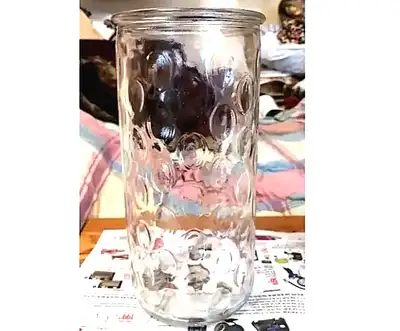 GLASS VASE 10" TALL, View more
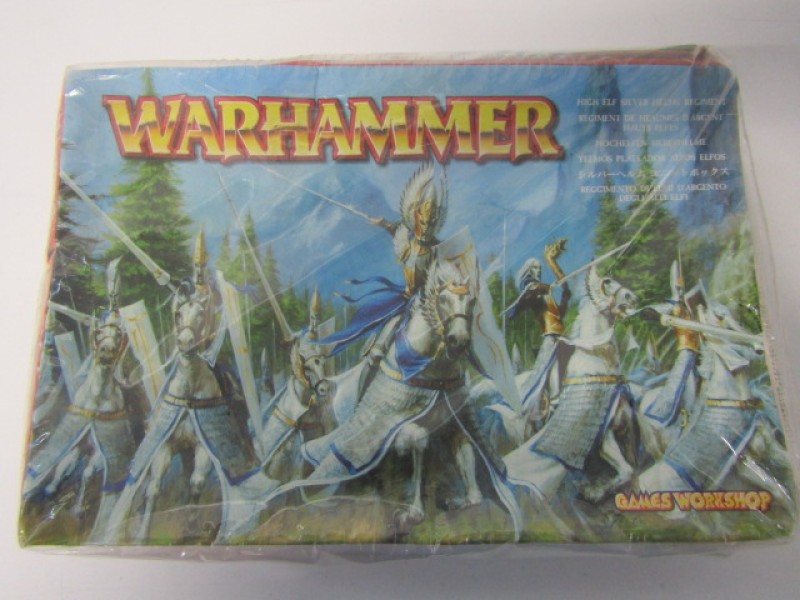 Warhammer, High Elf Silver Helms Regiment, 2002, Ongeopend
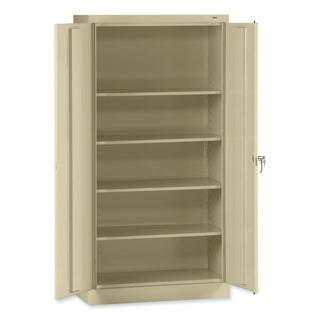 Tennsco 72" High Standard Cabinet, 36w x 18d x 72h, Putty (TNN109847)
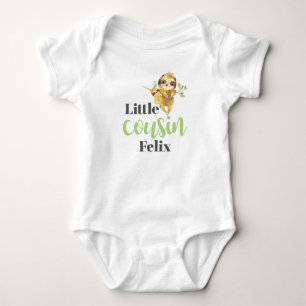 Body Para Bebé Nombre personalizado Pequeño primo de niños eslo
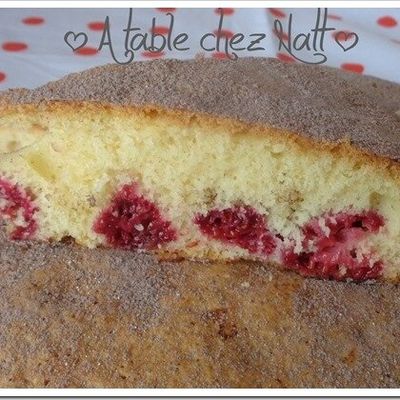Moelleux aux framboises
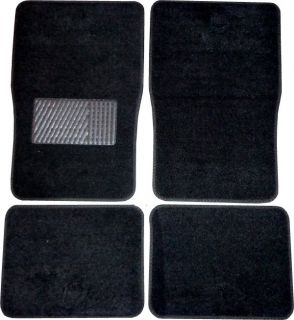 Grey Black Faux Leather Next Generation Car Seat Covers w/ Black Mats 
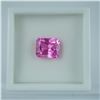 Image 2 : 4.00 CT Lab-Created Pink Sapphire Emerald Cut Gemstone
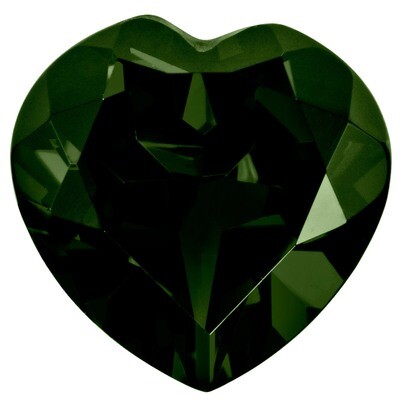 Green Tourmaline 4Mm Heart Faceted Aa Quality Gemstone GT-0400-HTF-AA, MPN: GT-0400-HTF-AA,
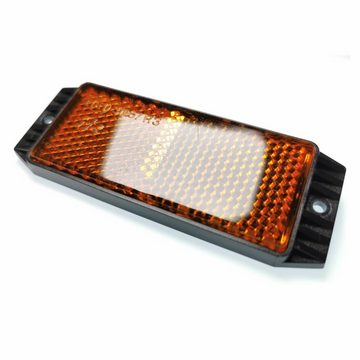 HR Autocomfort Fahrradreflektor Reflektor Katzenauge Rückstrahler 90 x 34 mm orange mit E-Prüfzeichen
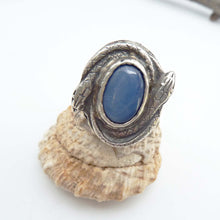 Load image into Gallery viewer, Star Sapphire Victorian Snakes Ring, Size 6 1/4.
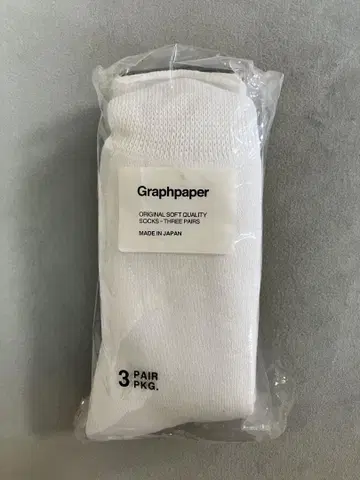 Graphpaper 삭스 3켤레 세트 25-28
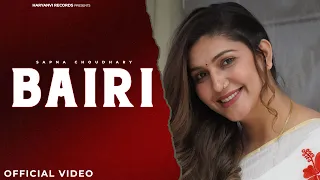 bairi official video sapna choudhary mahi gaur ruchika jangid new haryanvi song 2026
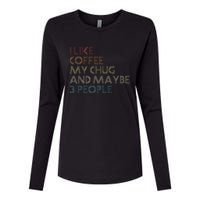 Chug Lover Quote Dog Owner Funny Coffee Womens Cotton Relaxed Long Sleeve T-Shirt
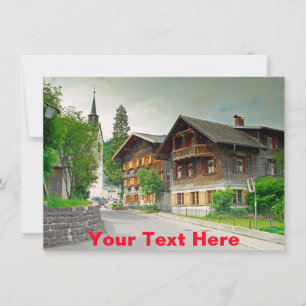 Customizable Austria card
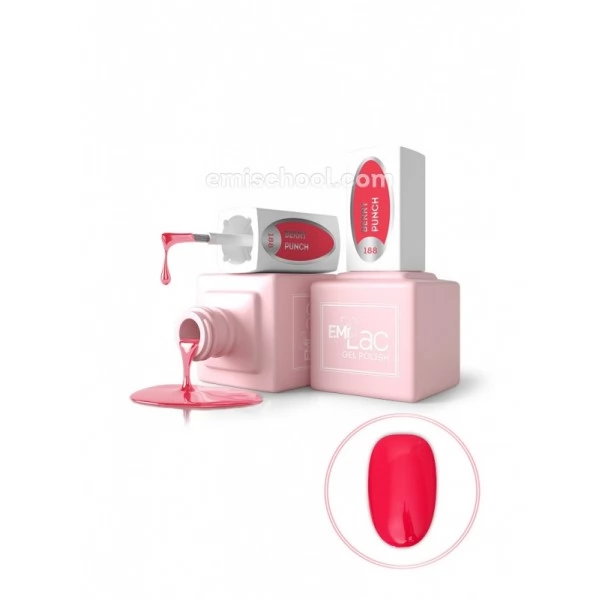 EMI Lac Gel polish GR Berry punch 188 9 ml EMI Lac Gel polish GR Berry punch 188 9 ml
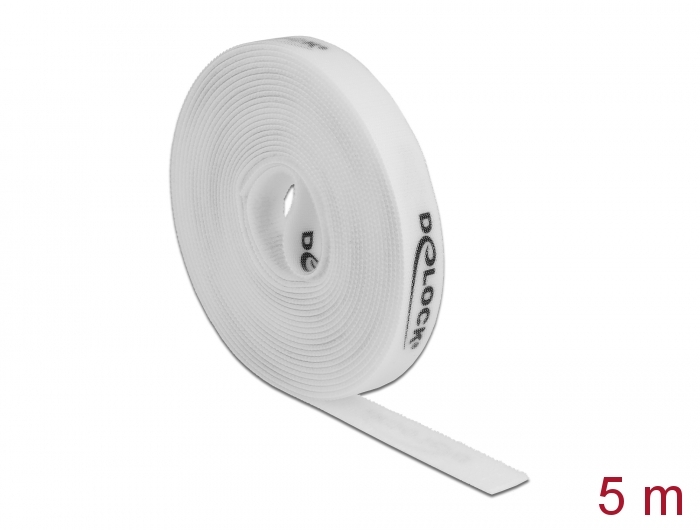 Takjapael rullis 15mm x 5.0m valge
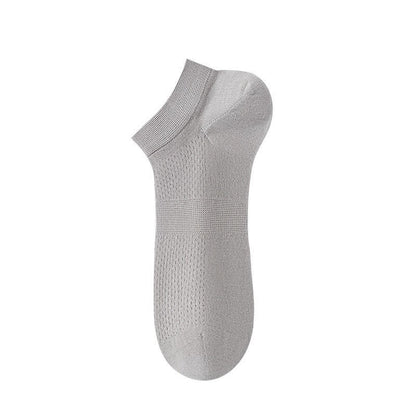 Chaussettes de cheville en soie respirante (8 paires) - Gris clair - UE36-44 (US3-10) - image 12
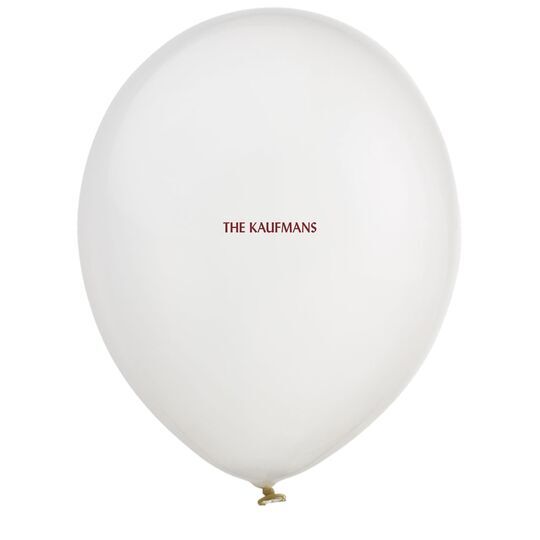 Our True Love Latex Balloons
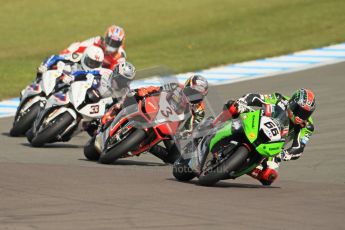 © Octane Photographic Ltd 2012. World Superbike Championship – European GP – Donington Park, Sunday 13th May 2012. Race 2. The top 5 in close formation : Tom Sykes, Max Biaggi, Marco Melandri, Leon Haslam and Jonathan Rea. Digital Ref : 0337cb1d5739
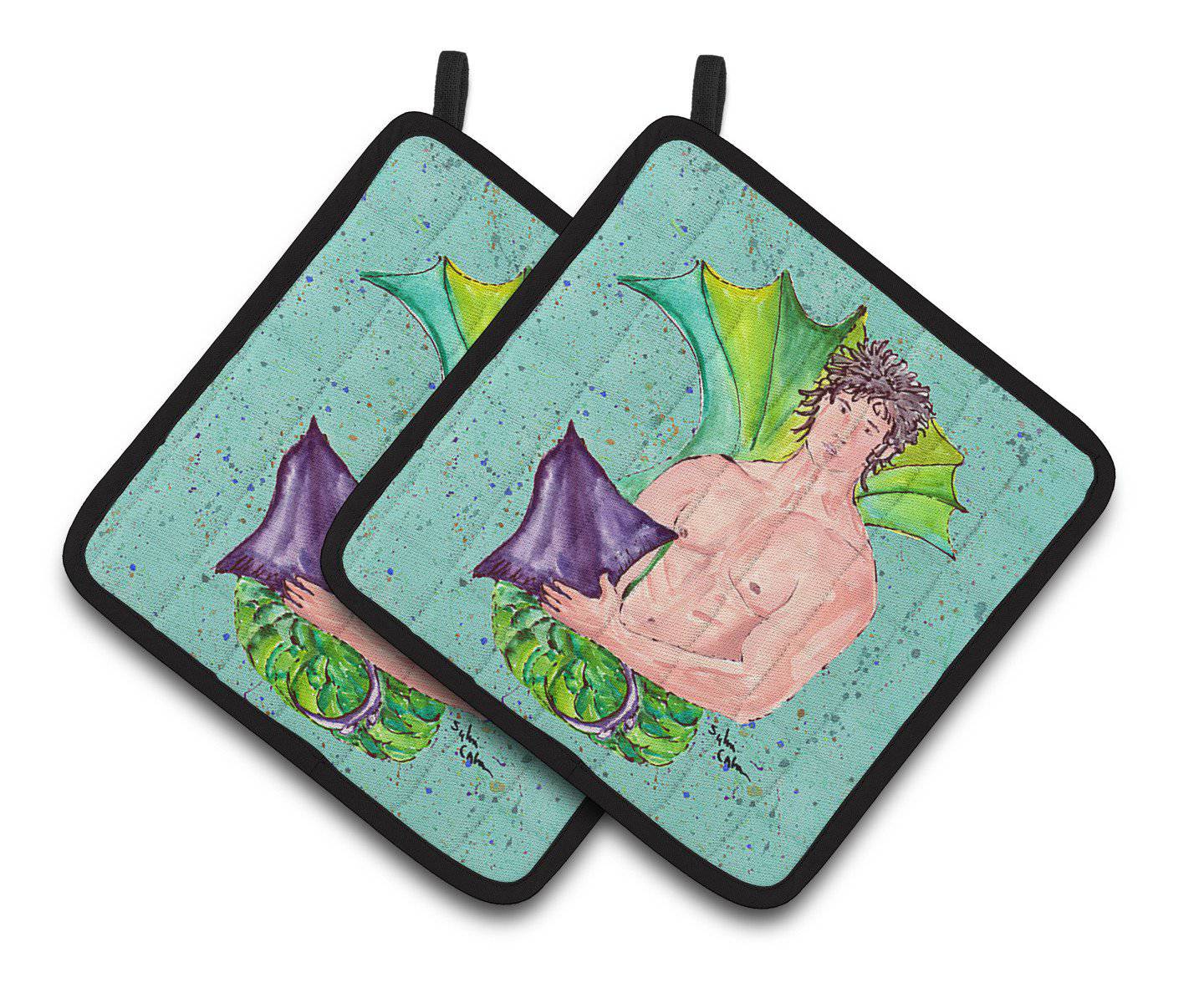 Merman Pair of Pot Holders 8345PTHD - the-store.com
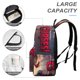thumbnail image 4 of ¡Maldiciones!-theme Backpack, Campus style schoolbag Bookbag with Adjustable Shoulder Straps And Large Zip Compartment, Unisex Travel Bags.42x30x15cm, 4 of 6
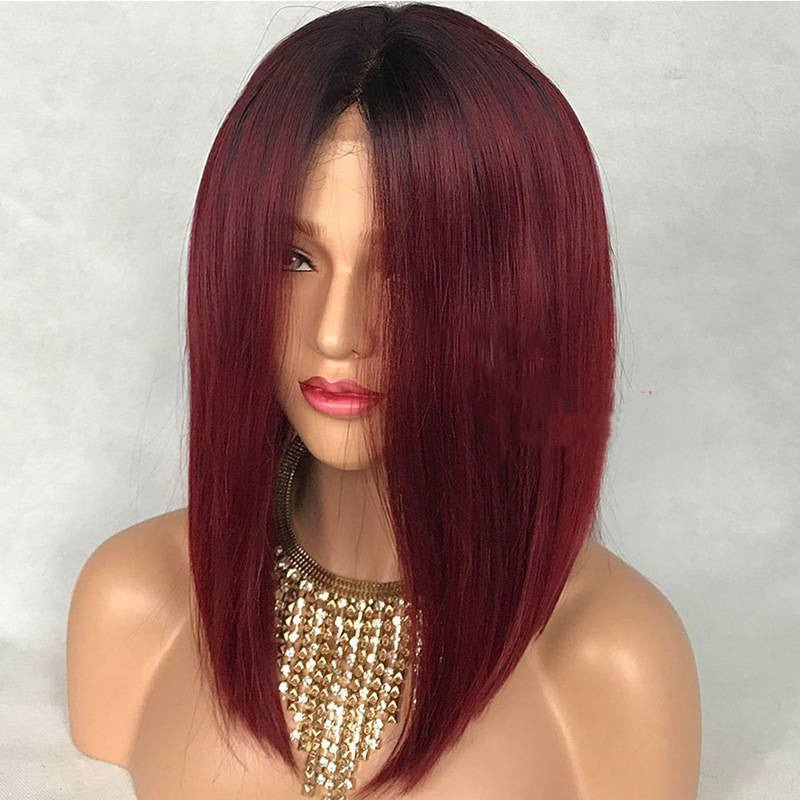 Water Wave Peruvian Human Hair Glueless Lace Front Wigs Cap - Boss Boutique Hair and Accessories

++++

Exercise description: Reproduce only the lines of the records from the start up to and including the line that holds "Moelleux aux framboises"; do not carry over any picture.

Answer for this exercise:
 GLASS VASE 10" TALL, View more
 Warhammer, High Elf Silver Helms Regiment, 2002, Ongeopend
 Tennsco 72" High Standard Cabinet, 36w x 18d x 72h, Putty (TNN109847)
 Body Para Bebé Nombre personalizado Pequeño primo de niños eslo
Moelleux aux framboises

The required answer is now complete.